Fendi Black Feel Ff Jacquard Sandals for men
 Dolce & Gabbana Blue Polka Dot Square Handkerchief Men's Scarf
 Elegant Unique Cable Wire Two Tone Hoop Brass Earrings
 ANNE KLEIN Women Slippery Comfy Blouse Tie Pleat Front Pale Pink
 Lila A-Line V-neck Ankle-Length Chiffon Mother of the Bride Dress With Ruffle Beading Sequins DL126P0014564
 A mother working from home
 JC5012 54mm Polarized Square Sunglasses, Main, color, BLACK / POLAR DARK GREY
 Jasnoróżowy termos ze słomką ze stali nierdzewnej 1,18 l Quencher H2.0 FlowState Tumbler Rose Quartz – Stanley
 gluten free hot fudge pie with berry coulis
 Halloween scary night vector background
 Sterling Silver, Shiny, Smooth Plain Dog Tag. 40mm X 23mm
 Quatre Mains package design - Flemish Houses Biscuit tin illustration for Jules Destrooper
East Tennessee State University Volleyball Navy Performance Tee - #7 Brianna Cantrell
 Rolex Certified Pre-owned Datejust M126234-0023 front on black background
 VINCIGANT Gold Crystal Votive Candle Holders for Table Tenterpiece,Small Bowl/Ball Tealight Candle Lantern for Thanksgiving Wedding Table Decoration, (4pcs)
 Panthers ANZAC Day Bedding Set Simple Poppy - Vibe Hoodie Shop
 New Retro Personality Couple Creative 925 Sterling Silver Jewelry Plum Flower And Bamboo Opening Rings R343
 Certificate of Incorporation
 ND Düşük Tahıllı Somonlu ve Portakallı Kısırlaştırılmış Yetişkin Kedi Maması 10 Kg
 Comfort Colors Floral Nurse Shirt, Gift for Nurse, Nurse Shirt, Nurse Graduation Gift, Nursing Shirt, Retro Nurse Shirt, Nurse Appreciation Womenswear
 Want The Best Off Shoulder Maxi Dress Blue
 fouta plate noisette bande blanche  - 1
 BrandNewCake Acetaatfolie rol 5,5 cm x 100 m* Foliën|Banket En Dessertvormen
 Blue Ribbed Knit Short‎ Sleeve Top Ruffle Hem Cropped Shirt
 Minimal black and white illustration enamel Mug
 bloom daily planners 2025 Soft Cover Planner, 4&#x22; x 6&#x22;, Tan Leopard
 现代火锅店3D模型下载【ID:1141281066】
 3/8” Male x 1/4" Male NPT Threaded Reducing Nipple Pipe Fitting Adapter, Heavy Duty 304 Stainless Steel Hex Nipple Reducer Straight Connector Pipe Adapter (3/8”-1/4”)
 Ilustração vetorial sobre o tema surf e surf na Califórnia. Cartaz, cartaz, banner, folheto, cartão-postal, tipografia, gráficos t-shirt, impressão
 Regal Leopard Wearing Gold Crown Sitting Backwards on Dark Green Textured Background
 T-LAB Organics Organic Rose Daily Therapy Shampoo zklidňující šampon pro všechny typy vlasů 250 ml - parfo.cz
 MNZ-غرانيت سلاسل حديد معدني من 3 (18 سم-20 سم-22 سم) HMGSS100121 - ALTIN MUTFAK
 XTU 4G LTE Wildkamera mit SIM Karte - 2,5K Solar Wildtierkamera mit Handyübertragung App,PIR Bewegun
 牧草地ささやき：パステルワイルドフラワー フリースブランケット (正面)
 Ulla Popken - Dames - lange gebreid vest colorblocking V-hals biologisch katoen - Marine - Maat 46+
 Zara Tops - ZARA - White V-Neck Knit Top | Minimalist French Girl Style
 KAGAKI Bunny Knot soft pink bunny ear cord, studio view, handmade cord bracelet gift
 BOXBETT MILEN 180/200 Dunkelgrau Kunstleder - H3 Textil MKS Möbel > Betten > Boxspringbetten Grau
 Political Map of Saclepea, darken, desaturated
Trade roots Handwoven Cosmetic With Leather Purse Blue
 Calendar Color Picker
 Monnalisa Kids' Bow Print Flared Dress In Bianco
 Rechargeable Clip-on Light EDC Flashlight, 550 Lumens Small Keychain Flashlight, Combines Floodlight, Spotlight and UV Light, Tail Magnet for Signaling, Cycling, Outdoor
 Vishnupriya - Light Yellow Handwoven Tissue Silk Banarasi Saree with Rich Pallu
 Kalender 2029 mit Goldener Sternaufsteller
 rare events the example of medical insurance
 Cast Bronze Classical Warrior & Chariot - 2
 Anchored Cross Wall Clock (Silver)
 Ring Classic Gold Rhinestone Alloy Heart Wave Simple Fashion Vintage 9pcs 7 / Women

Activity >> Please reproduce exactly the lines in the listing above from the one containing "East Tennessee State" through the one containing "ND Düşük Tahıllı", both included, and nothing more.

Solution for this exercise >>
East Tennessee State University Volleyball Navy Performance Tee - #7 Brianna Cantrell
 Rolex Certified Pre-owned Datejust M126234-0023 front on black background
 VINCIGANT Gold Crystal Votive Candle Holders for Table Tenterpiece,Small Bowl/Ball Tealight Candle Lantern for Thanksgiving Wedding Table Decoration, (4pcs)
 Panthers ANZAC Day Bedding Set Simple Poppy - Vibe Hoodie Shop
 New Retro Personality Couple Creative 925 Sterling Silver Jewelry Plum Flower And Bamboo Opening Rings R343
 Certificate of Incorporation
 ND Düşük Tahıllı Somonlu ve Portakallı Kısırlaştırılmış Yetişkin Kedi Maması 10 Kg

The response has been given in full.